Exercise aim
Copy, word for word, the lines below from the one containing "Newly Remodeled 2 bedroom property image" up to and including the one containing "Lounge or bar, Lounge or bar", with pictures left out.

Provided data

=-=-=

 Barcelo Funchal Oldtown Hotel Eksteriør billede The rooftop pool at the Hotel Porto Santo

=-=-=

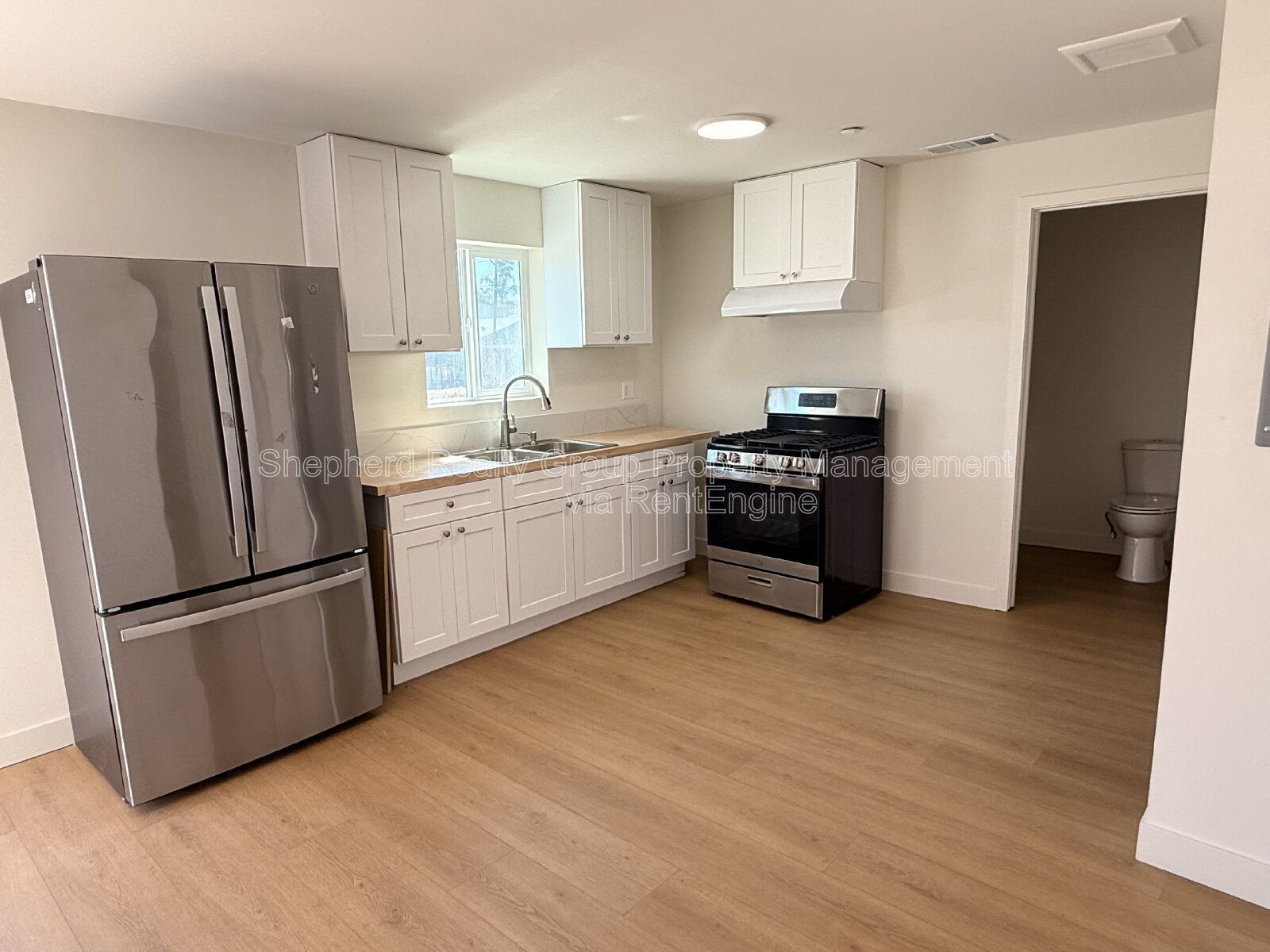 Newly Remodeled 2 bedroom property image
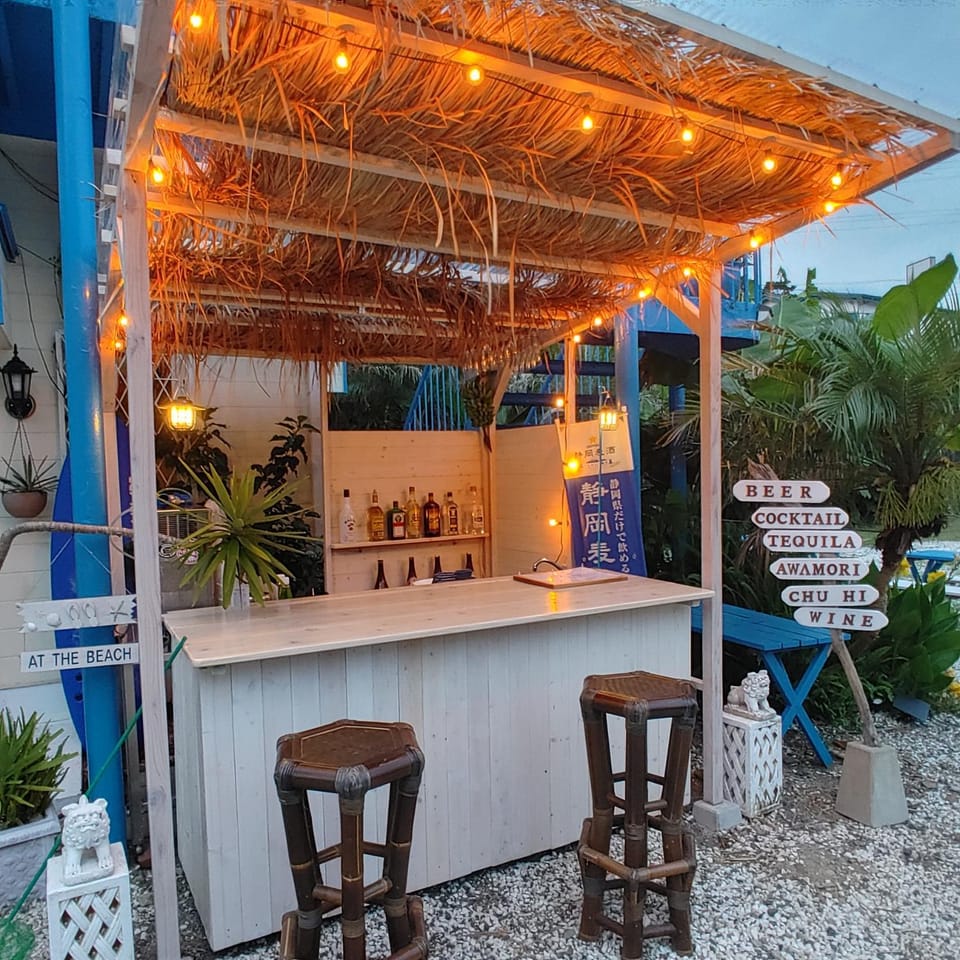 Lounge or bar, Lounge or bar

=-=-=

Written response
 Newly Remodeled 2 bedroom property image
 Lounge or bar, Lounge or bar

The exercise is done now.